Venezuela requests that the money be transferred to the United Nations Development Programme to help its fight against coronavirus.

The High Court now rules that Britain has “unequivocally” recognised Juan Guaido, the former president of the National Assembly who declared himself president of Venezuela with US backing last year.

This despite the fact that the recognition of Guaido’s entirely theoretical government — despite a series of bungled attempts at an armed seizure of power his never-elected “administration” controls no territory and represents no citizens — was illegal under international law.

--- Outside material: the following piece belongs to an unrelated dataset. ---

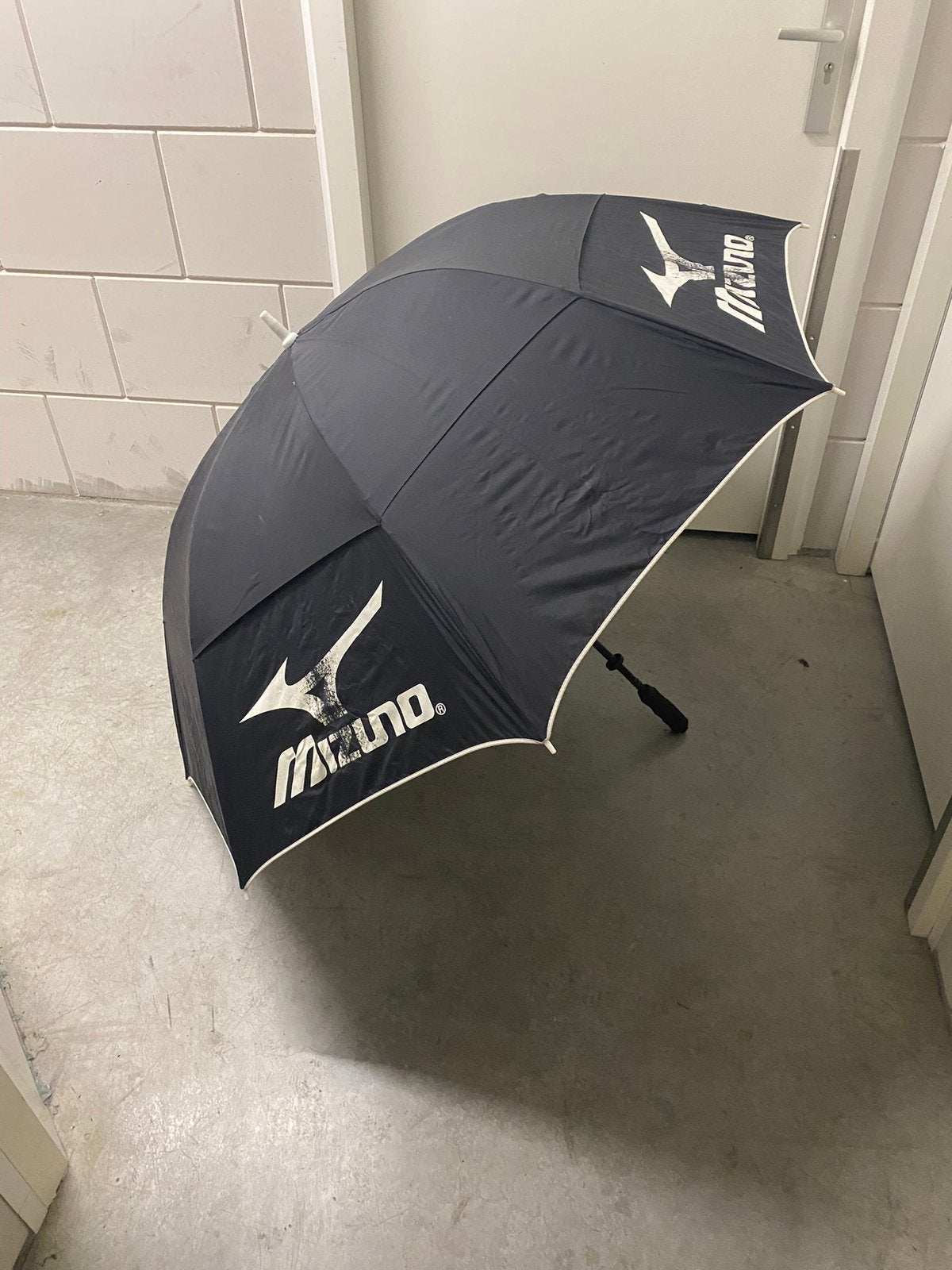 Zwarte Mizuno golfparaplu, Ophalen, Gebruikt, Mizuno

Despite the fact that the constitutional excuse used by Guaido to declare himself president, though he had never even stood for the post, stemmed from his position as president of the National Assembly, a position he no longer holds as he was voted out of it in January. (He claimed this position entitled him to step into the presidency because the office was vacant, a fiction based on the opposition’s refusal to recognise the re-election of Maduro in 2018.)

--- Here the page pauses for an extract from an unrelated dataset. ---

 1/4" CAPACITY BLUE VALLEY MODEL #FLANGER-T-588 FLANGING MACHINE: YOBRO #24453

And despite the fact that the British government continues to deal, as it has to, with the actual government of Venezuela, for example when applying for visas for Foreign Office staff, although as the recent row over the Venezuela Reconstruction Unit revealed it lied to Caracas about the purpose of their visits.

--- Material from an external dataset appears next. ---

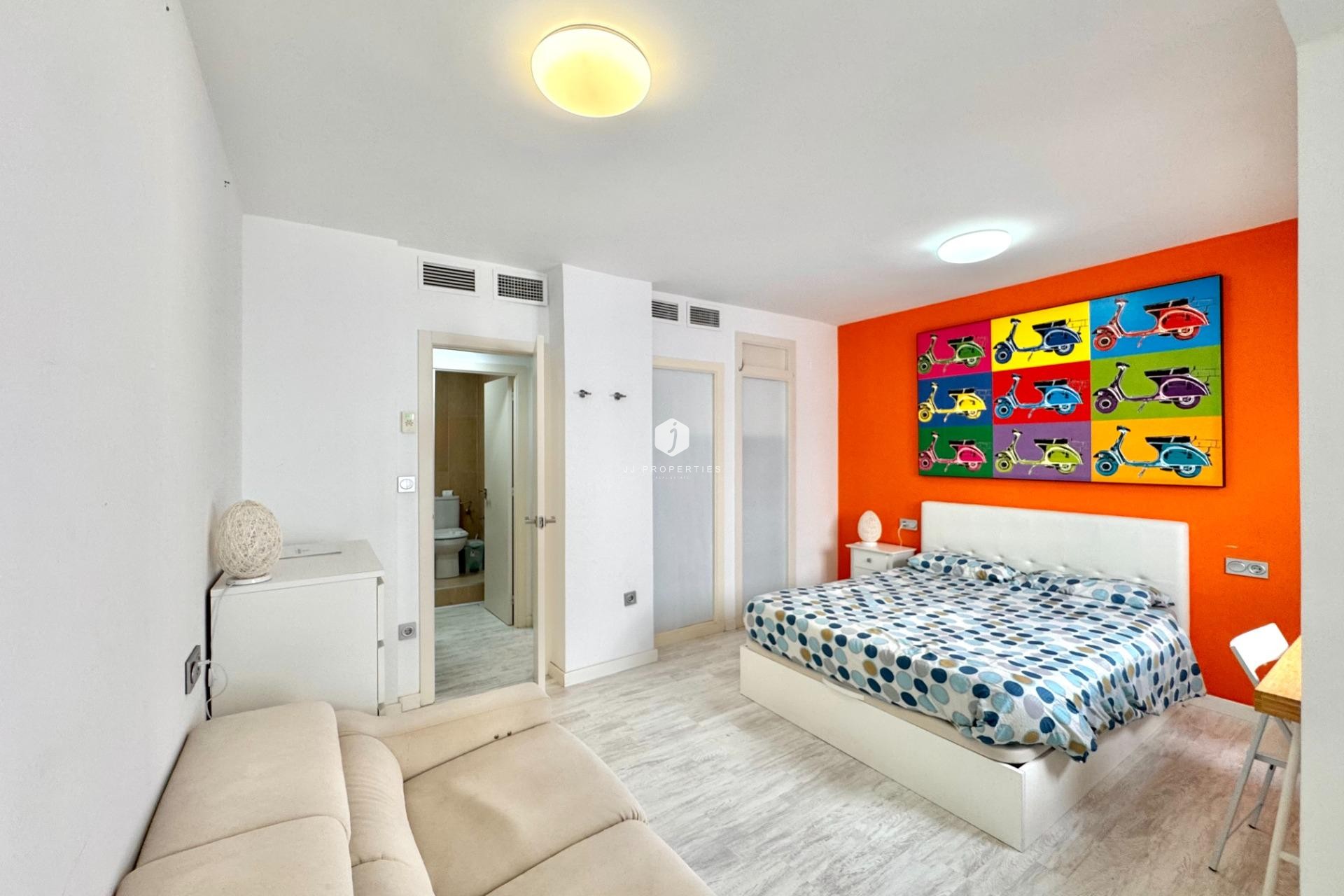 Tweedehands - Appartement / flat -
Torrevieja - Estacion de autobuses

Though the Venezuelan government will naturally appeal against the ruling, a real solution to this mess is not going to arrive through the courts.

The British government’s decision to pretend that Guaido is anything more than a pretender rests on its slavish adherence to the foreign policy whims of an aggressive and erratic White House.

The same motivation is now prompting it to engage in increasingly provocative posturing over Hong Kong, claiming it is ready to offer a chance of “eventual” citizenship to up to three million people from the Chinese city — showing a moving consideration for their status strangely denied to unaccompanied child refugees, desperate asylum-seekers trapped in Covid-threatened holding camps or those fleeing poverty and war who are left to drown in their thousands in the Mediterranean.

Under Jeremy Corbyn’s leadership Labour’s foreign policy was not transformed along anti-imperialist lines, but it could be relied upon to resist endorsing US regime change projects, declining to recognise Guaido and objecting to the military coup in Bolivia.

The current Labour front bench merely eggs the Tories on to ever more reckless brinkmanship. It is clear that we cannot look to Parliament to provide leadership for the anti-imperialist movement.

Pressure on the Tories to drop the Guaido farce and acknowledge the legitimacy of the real Venezuelan government will have to be built up through the labour and peace movements.

So too will pressure on both main party leaderships to change course and reject the new cold war on China inspired by US President Donald Trump.